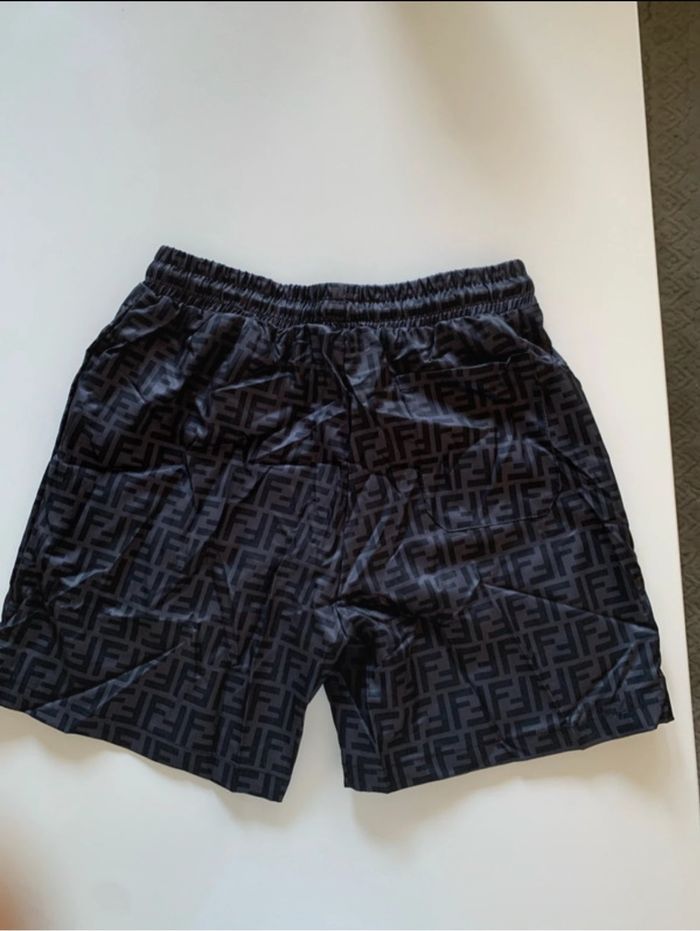 Short Fendi - photo numéro 6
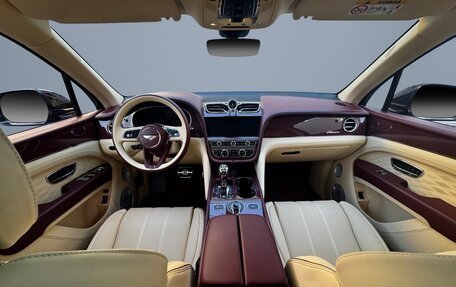 Bentley Bentayga I, 2025 год, 34 000 000 рублей, 19 фотография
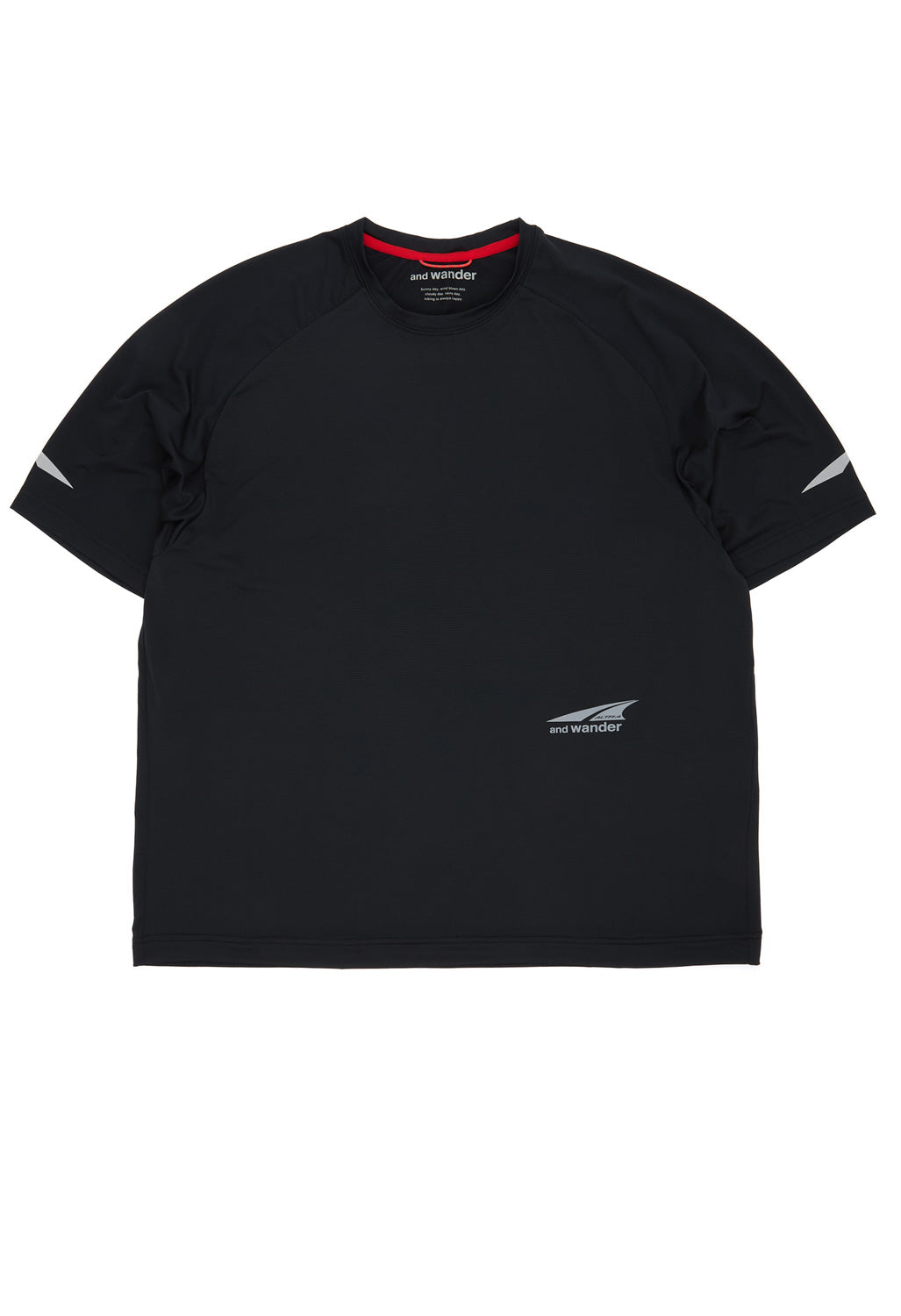 and wander x Altra Tee - Black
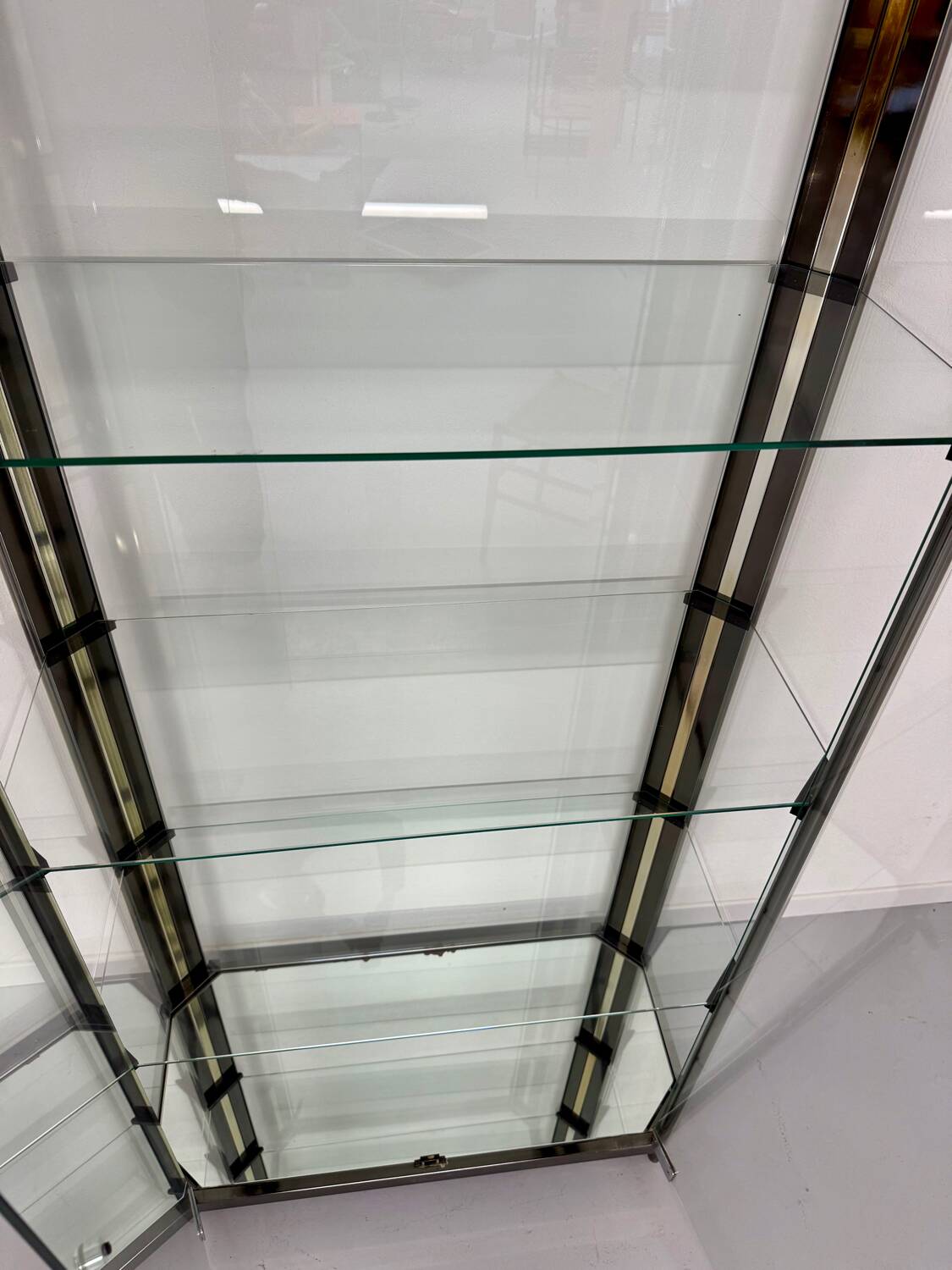 Antique display cabinet shelf in brass metal Italian design from the 70s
####
● **Work task**
Would you please set down the listing above exactly, minus its images?

● **Output of the task**
 Short Fendi - photo numéro 6
 Bentley Bentayga I, 2025 год, 34 000 000 рублей, 19 фотография
 and wander x Altra Tee - Black
 Antique display cabinet shelf in brass metal Italian design from the 70s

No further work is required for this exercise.